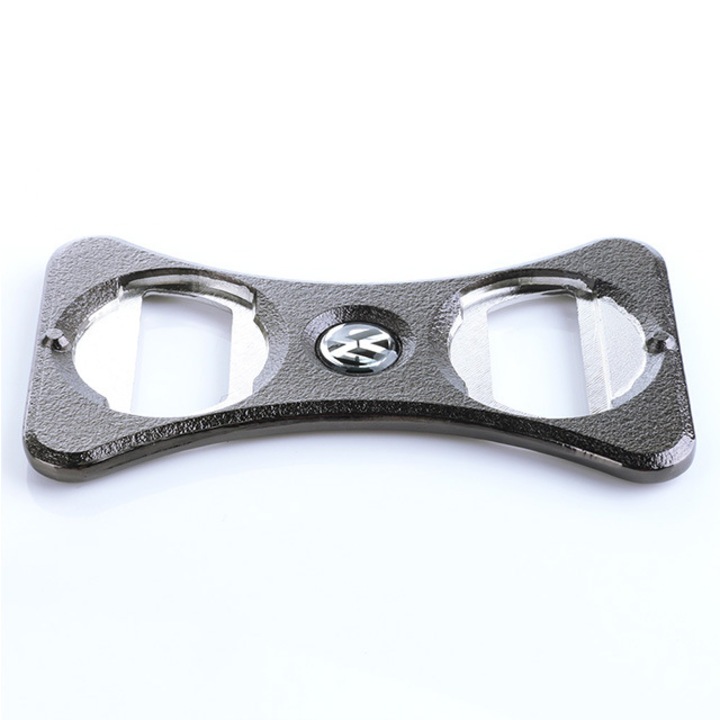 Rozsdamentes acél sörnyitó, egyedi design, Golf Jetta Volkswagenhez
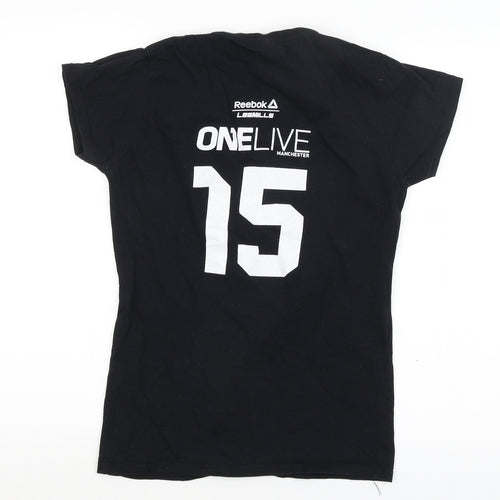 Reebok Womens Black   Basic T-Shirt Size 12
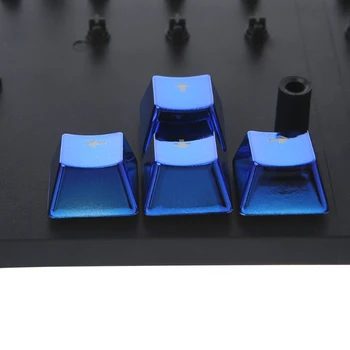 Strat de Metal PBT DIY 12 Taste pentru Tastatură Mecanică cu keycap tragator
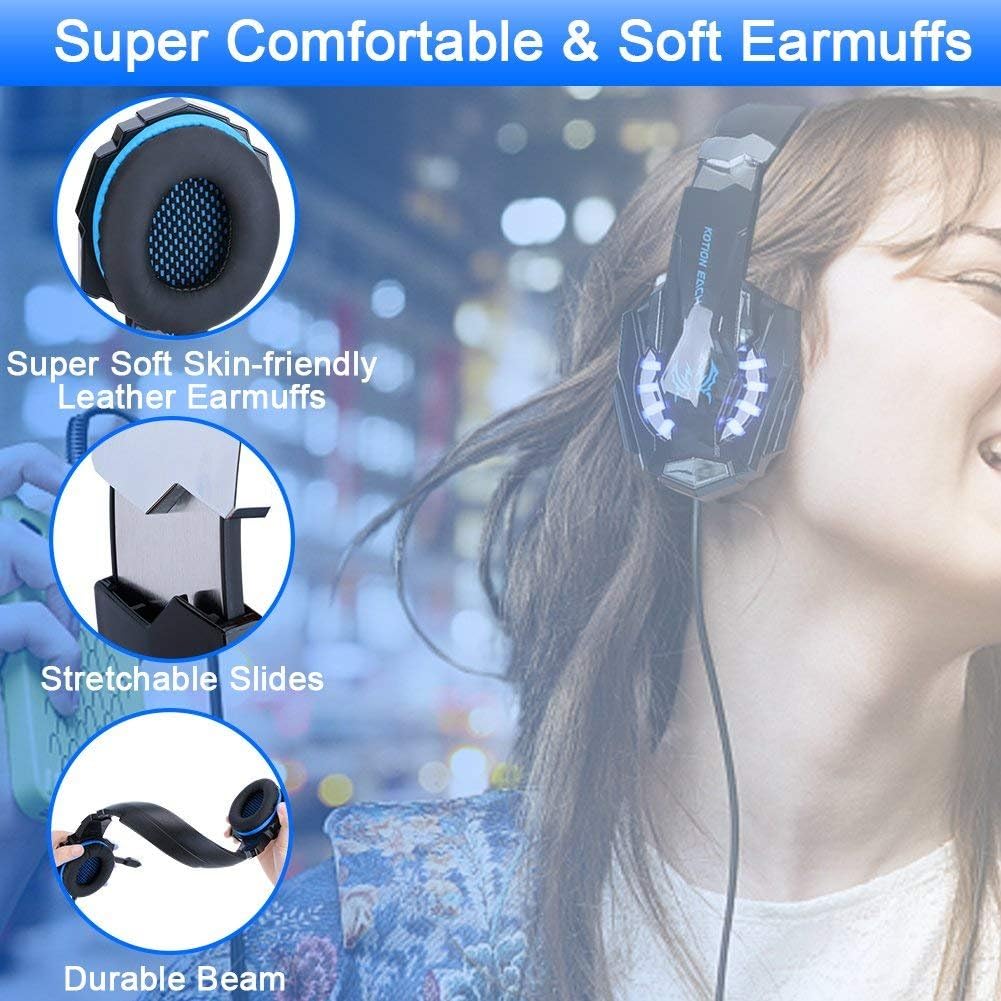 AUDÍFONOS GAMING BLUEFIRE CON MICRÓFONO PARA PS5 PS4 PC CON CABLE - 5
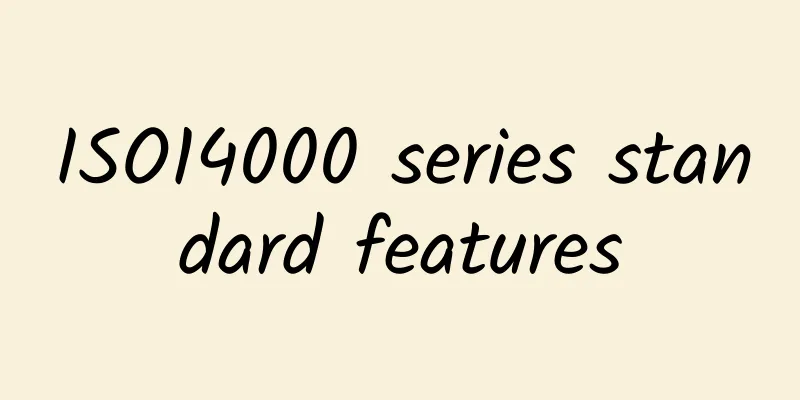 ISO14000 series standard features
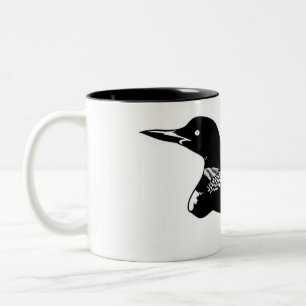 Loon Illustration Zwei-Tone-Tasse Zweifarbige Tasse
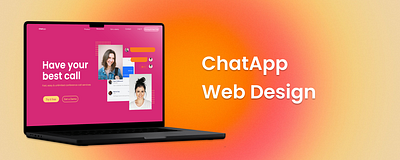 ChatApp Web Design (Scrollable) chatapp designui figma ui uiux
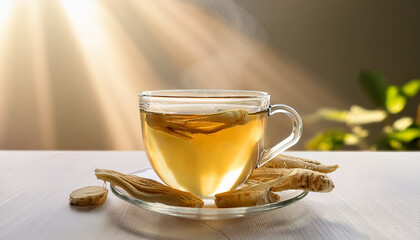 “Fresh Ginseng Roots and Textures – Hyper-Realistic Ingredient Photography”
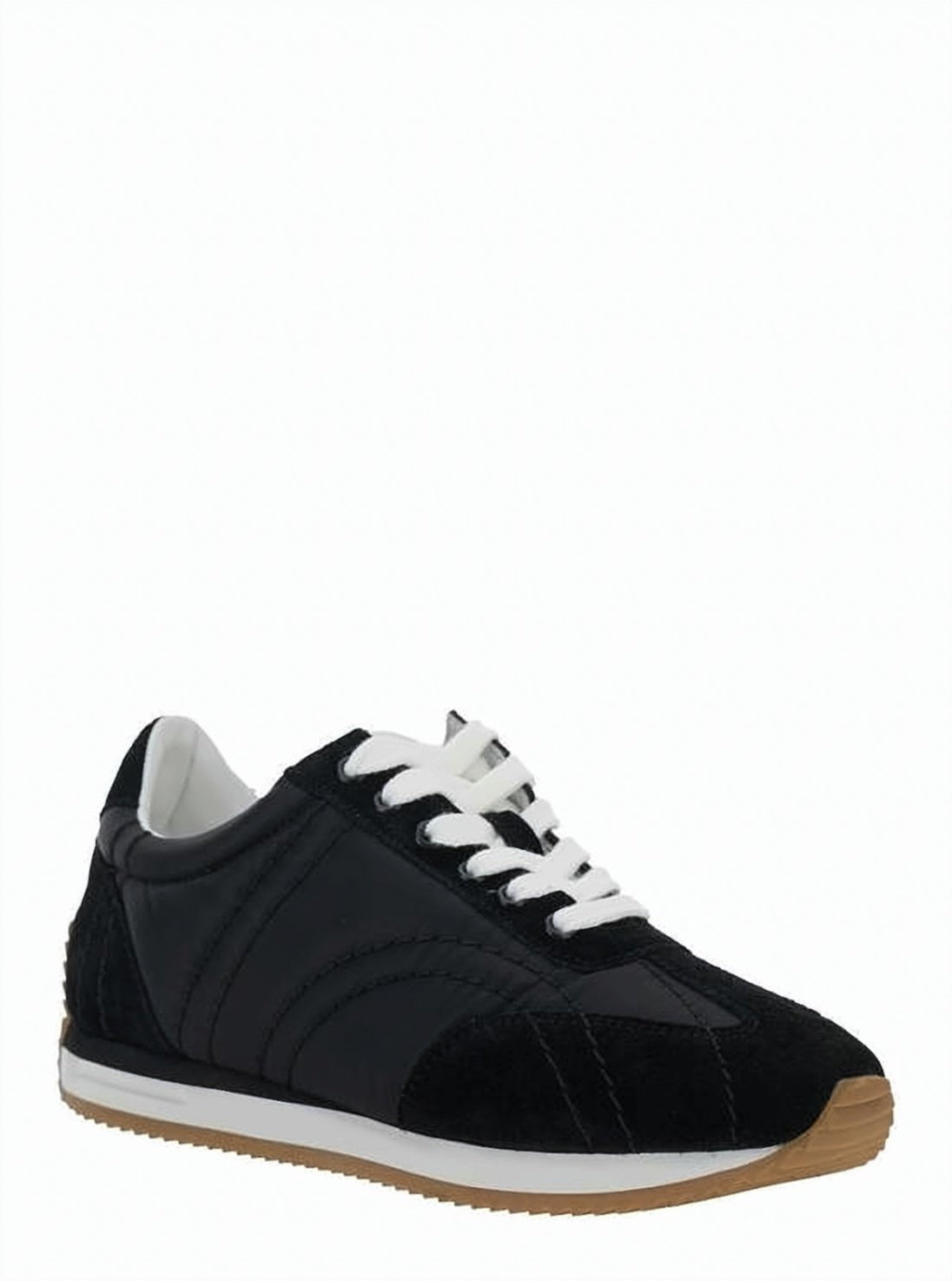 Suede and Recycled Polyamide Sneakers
★ ★ ★ ★
**WHAT IS EXPECTED:** Repeat word for word, and nothing more, the lines between the line containing "AUDÍFONOS GAMING BLUEFIRE" and the last line of the records above, inclusive, without pictures.

**YOUR RESPONSE:**
 AUDÍFONOS GAMING BLUEFIRE CON MICRÓFONO PARA PS5 PS4 PC CON CABLE - 5
 ISO14000 series standard features
 Loon Illustration Zwei-Tone-Tasse Zweifarbige Tasse
 ChatApp Web Design (Scrollable) chatapp designui figma ui uiux
 “Fresh Ginseng Roots and Textures – Hyper-Realistic Ingredient Photography”
 Suede and Recycled Polyamide Sneakers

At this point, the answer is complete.